Records follow. Print exactly the lines from the one that has "A winding path in a densely forested area" through the one that has "Full Pane, Woodland", inclusive, and omit the pictures.
***** Extracted data *****
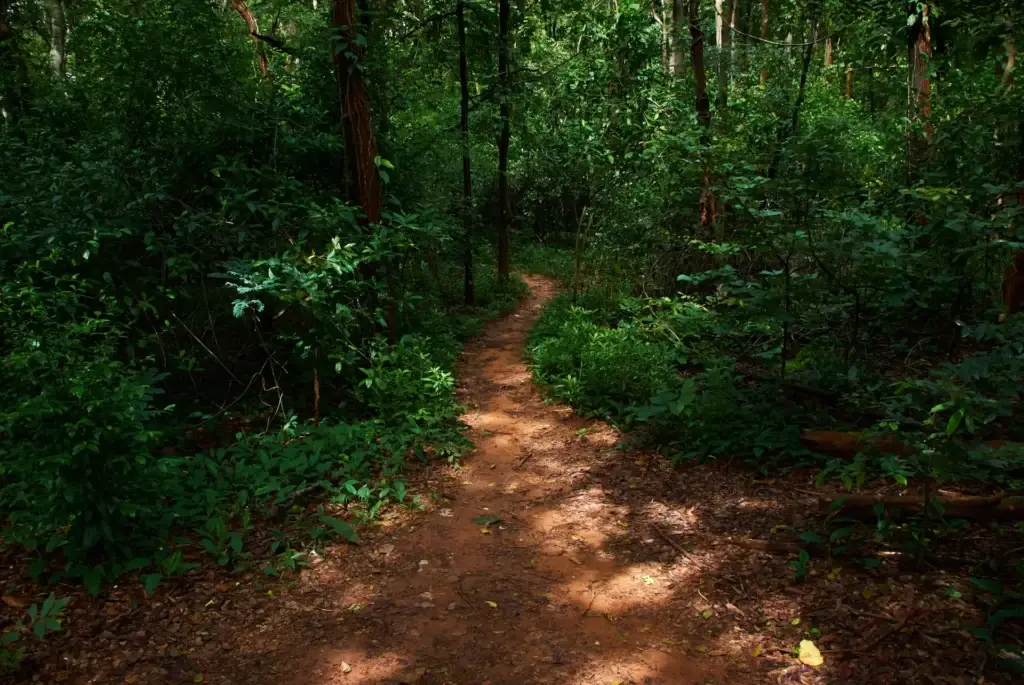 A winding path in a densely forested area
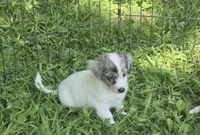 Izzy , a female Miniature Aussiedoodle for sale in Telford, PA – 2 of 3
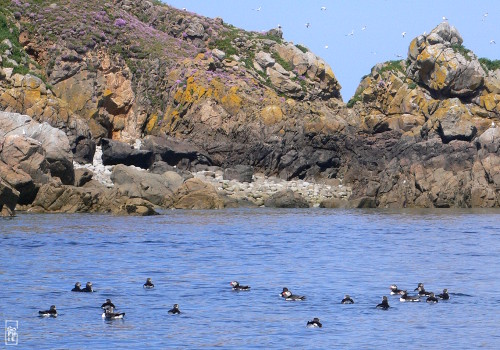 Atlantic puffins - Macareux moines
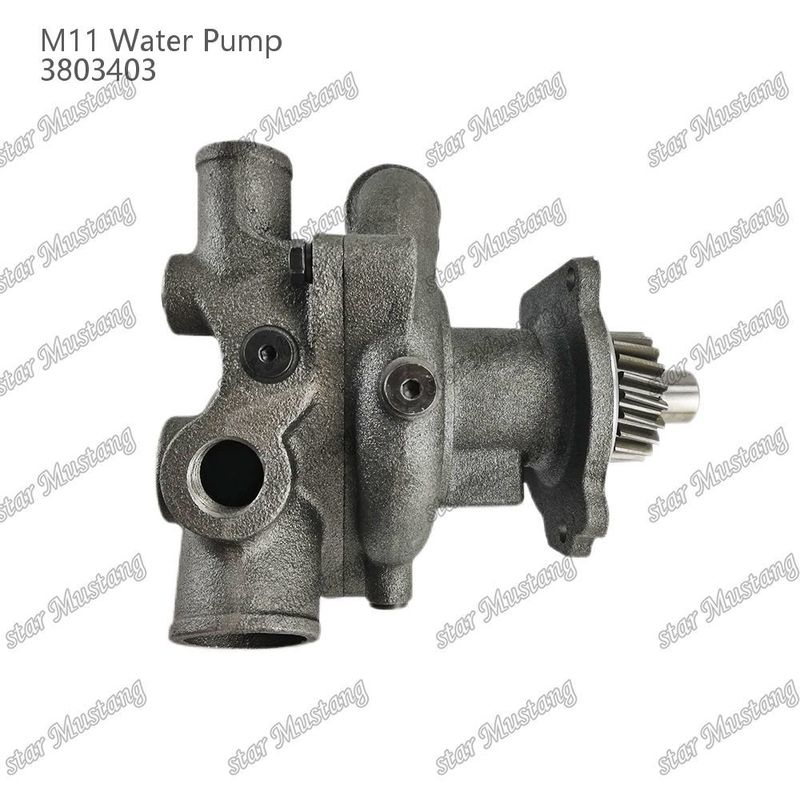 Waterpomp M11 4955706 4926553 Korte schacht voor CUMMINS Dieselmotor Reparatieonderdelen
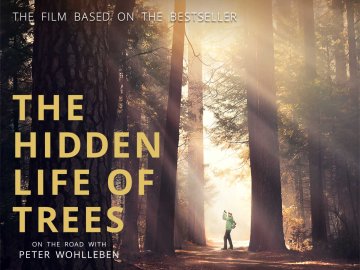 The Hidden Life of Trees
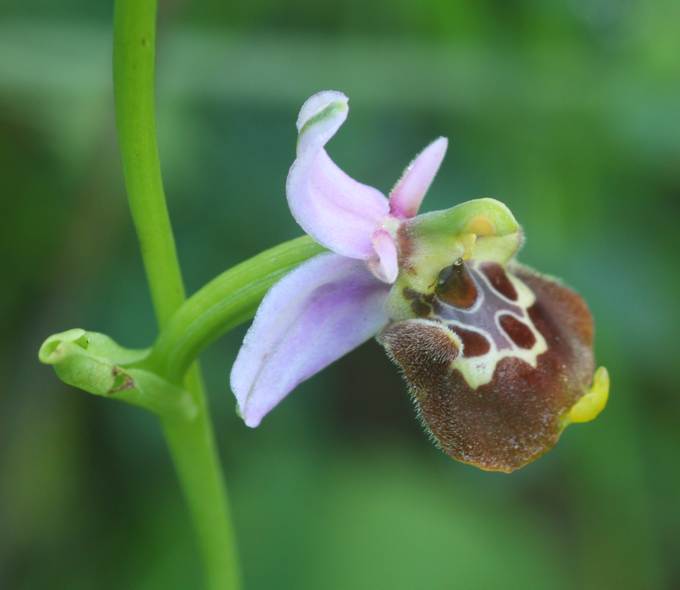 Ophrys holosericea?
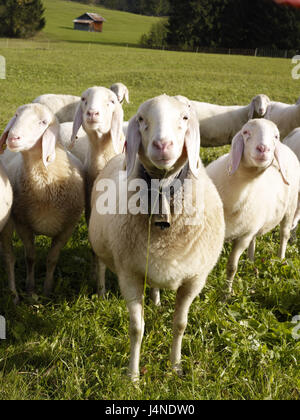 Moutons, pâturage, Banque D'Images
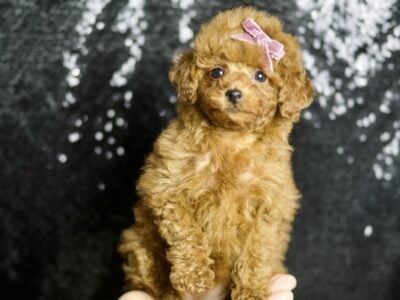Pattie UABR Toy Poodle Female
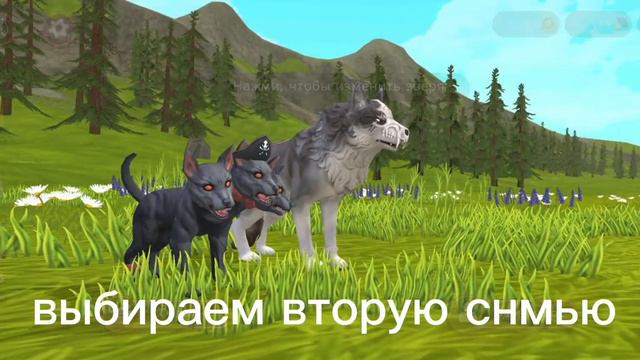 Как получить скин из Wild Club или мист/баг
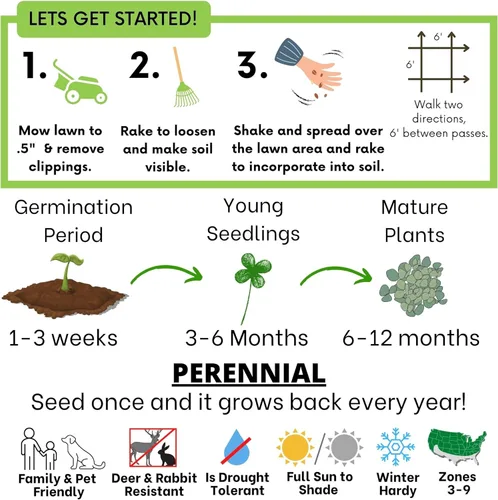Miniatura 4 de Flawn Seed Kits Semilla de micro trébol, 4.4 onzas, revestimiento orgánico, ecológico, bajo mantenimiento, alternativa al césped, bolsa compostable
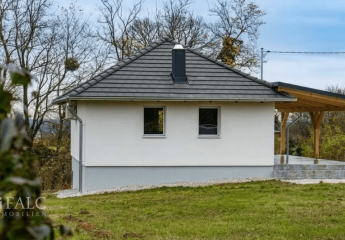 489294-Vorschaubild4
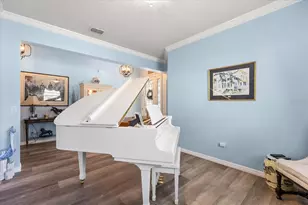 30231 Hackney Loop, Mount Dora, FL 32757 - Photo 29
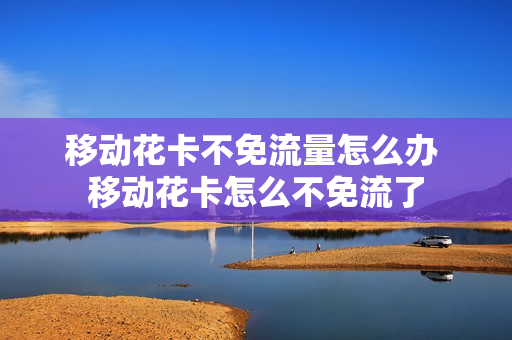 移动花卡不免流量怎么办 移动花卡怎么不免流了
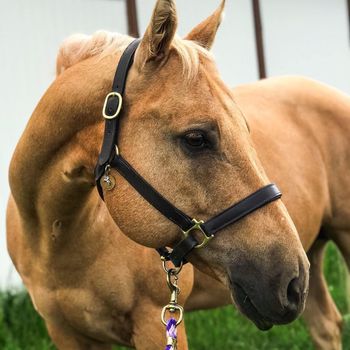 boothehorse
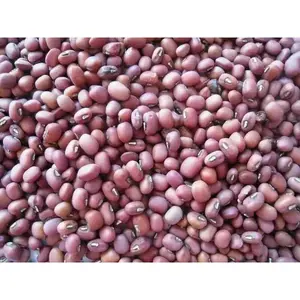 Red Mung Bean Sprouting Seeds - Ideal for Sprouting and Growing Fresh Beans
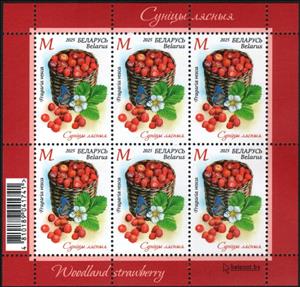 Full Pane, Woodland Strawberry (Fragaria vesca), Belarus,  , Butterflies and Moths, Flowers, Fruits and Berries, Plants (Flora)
*****
***** Extracted data *****
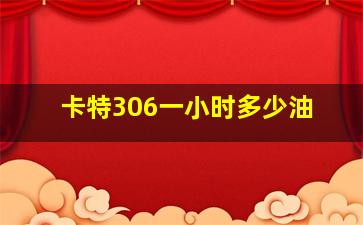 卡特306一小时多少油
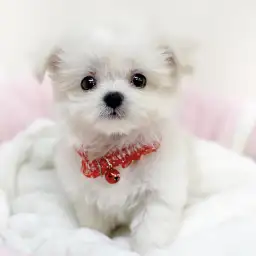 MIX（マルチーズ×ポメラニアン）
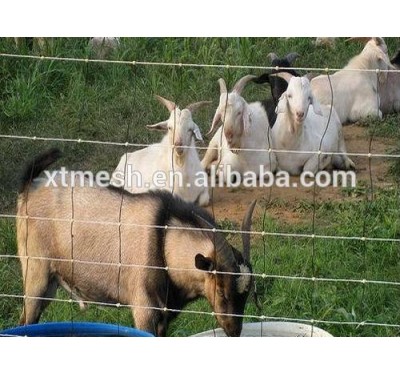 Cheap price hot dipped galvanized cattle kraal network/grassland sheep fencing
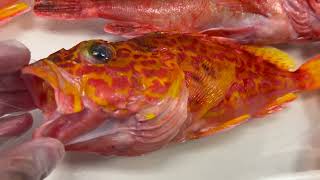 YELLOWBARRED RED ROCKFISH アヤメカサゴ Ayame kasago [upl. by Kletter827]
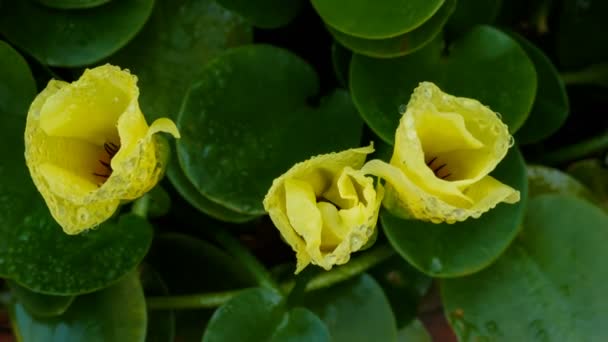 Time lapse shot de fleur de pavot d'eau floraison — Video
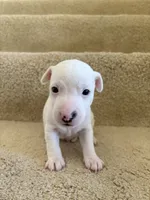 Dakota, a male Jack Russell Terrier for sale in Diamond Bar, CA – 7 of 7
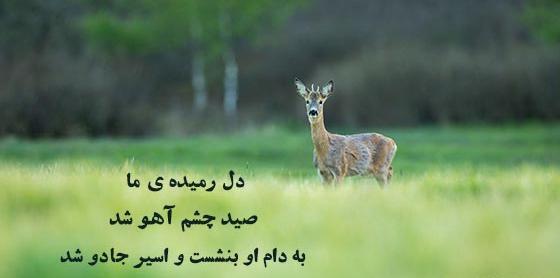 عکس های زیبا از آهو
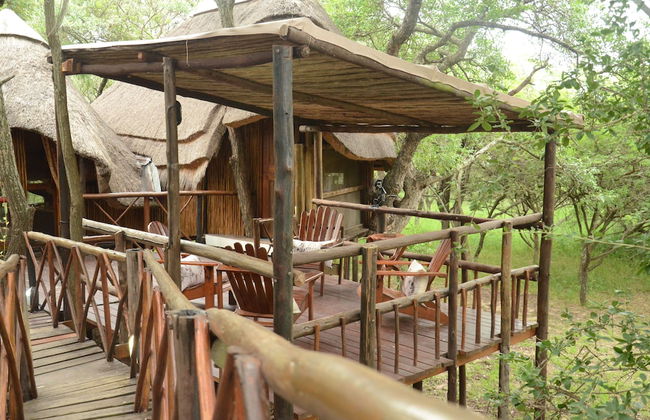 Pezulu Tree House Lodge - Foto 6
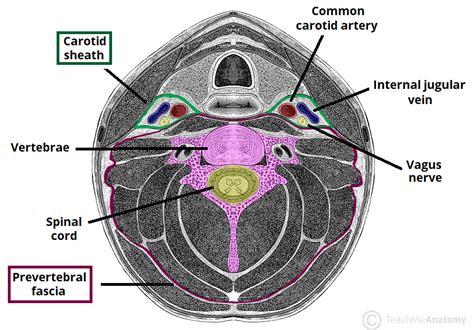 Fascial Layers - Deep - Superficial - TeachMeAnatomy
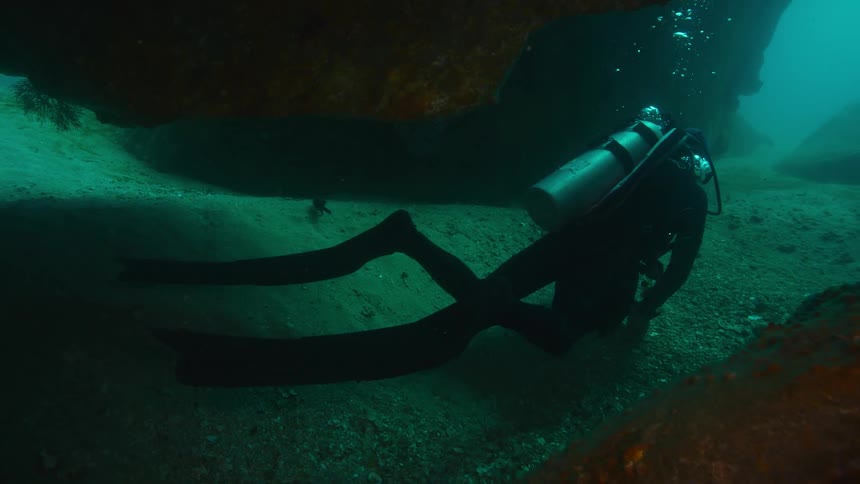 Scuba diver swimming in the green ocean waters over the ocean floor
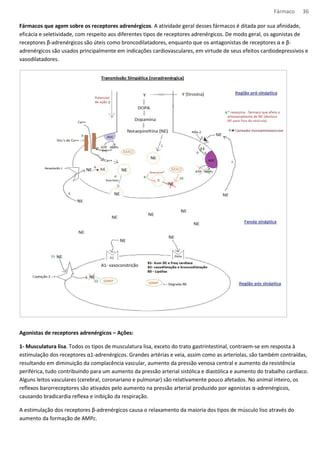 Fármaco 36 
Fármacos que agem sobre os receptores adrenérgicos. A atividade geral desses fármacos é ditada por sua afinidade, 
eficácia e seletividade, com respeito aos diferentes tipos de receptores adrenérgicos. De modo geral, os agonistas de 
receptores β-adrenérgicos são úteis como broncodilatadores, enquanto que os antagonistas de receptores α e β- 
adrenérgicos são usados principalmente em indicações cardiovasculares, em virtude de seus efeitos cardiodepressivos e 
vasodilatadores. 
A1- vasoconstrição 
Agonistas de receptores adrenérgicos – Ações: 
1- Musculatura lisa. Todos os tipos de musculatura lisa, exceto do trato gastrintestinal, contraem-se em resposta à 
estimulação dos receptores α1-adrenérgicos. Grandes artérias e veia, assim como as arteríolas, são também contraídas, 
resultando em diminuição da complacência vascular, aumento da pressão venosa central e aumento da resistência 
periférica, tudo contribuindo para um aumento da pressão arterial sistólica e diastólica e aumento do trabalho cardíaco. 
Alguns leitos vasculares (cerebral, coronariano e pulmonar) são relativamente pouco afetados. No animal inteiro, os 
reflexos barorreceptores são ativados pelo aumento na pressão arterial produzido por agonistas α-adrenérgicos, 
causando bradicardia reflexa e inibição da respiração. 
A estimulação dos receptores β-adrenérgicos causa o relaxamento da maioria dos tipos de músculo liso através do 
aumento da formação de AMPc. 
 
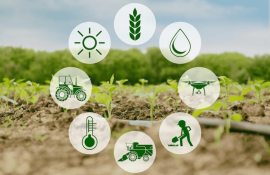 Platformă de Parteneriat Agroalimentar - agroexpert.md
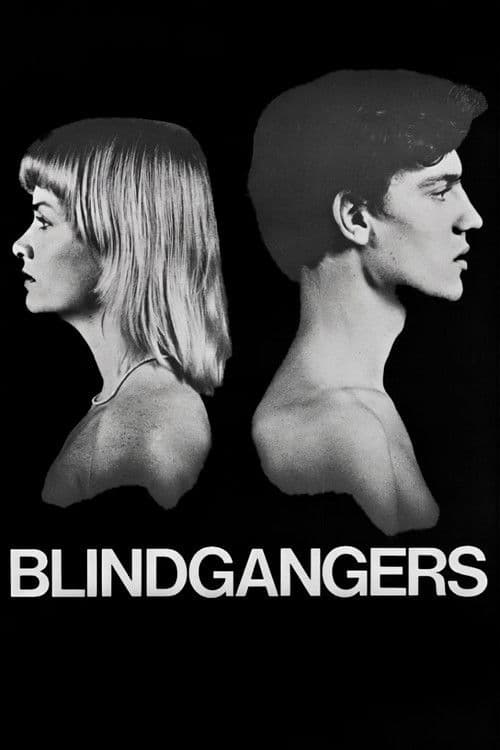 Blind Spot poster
*****
***** Extracted data *****
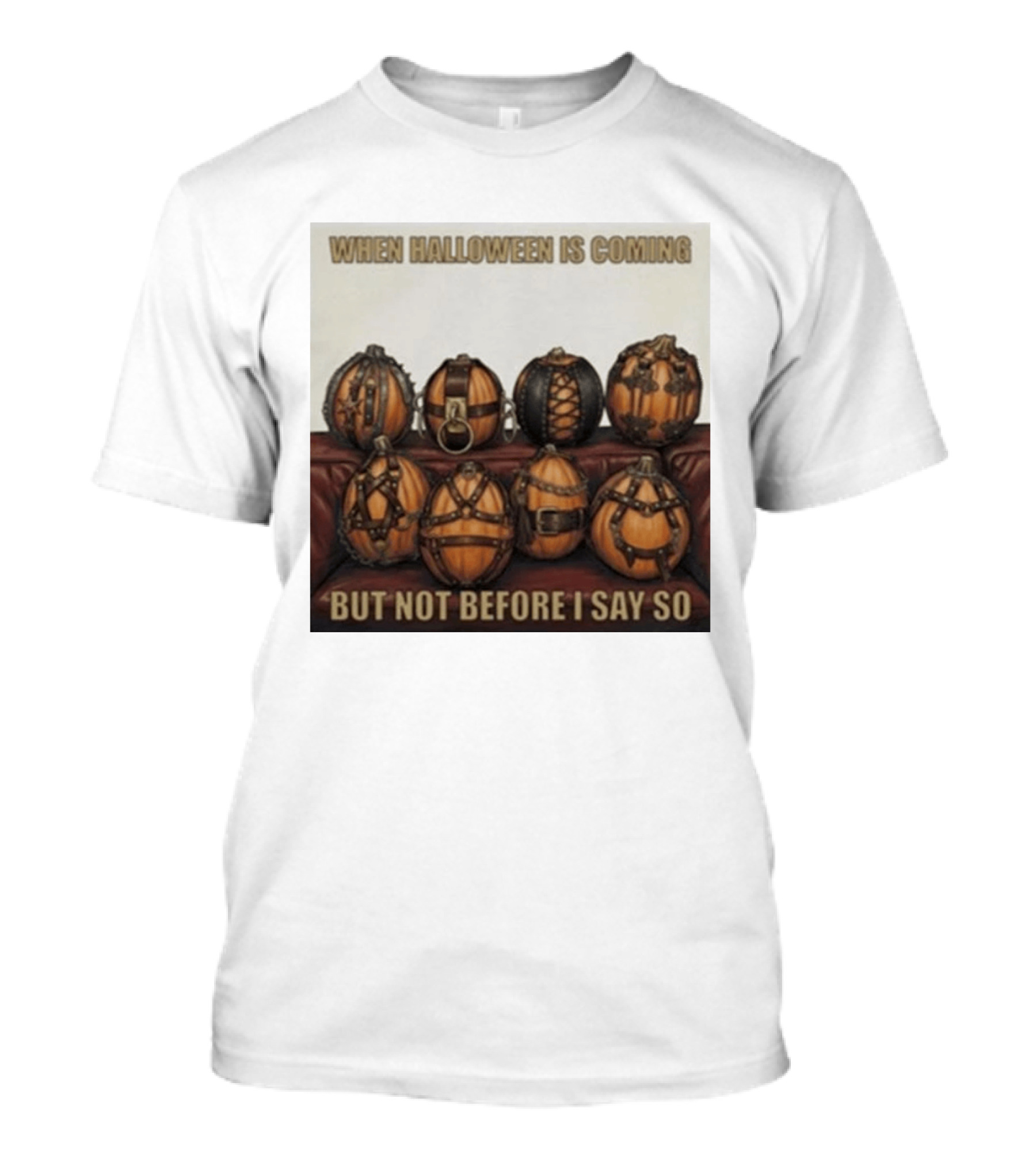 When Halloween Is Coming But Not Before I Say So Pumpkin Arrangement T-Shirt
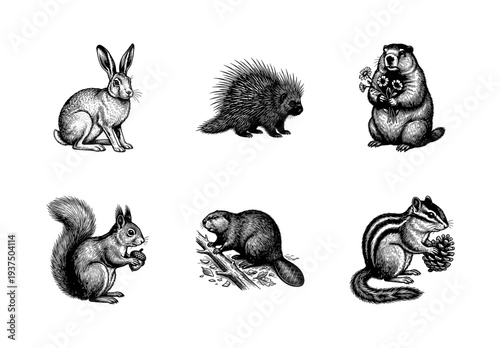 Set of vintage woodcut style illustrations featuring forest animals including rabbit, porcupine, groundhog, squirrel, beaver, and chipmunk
*****
**Written answer**
 A winding path in a densely forested area
 Izzy , a female Miniature Aussiedoodle for sale in Telford, PA – 2 of 3
 Atlantic puffins - Macareux moines
 Waterpomp M11 4955706 4926553 Korte schacht voor CUMMINS Dieselmotor Reparatieonderdelen
 The Hidden Life of Trees
 Ophrys holosericea?
 Moutons, pâturage, Banque D'Images
Pattie UABR Toy Poodle Female
 Как получить скин из Wild Club или мист/баг
Miniatura 4 de Flawn Seed Kits Semilla de micro trébol, 4.4 onzas, revestimiento orgánico, ecológico, bajo mantenimiento, alternativa al césped, bolsa compostable
 489294-Vorschaubild4
 30231 Hackney Loop, Mount Dora, FL 32757 - Photo 29
 移动花卡不免流量怎么办 移动花卡怎么不免流了
 boothehorse
 Red Mung Bean Sprouting Seeds - Ideal for Sprouting and Growing Fresh Beans
 Full Pane, Woodland Strawberry (Fragaria vesca), Belarus,  , Butterflies and Moths, Flowers, Fruits and Berries, Plants (Flora)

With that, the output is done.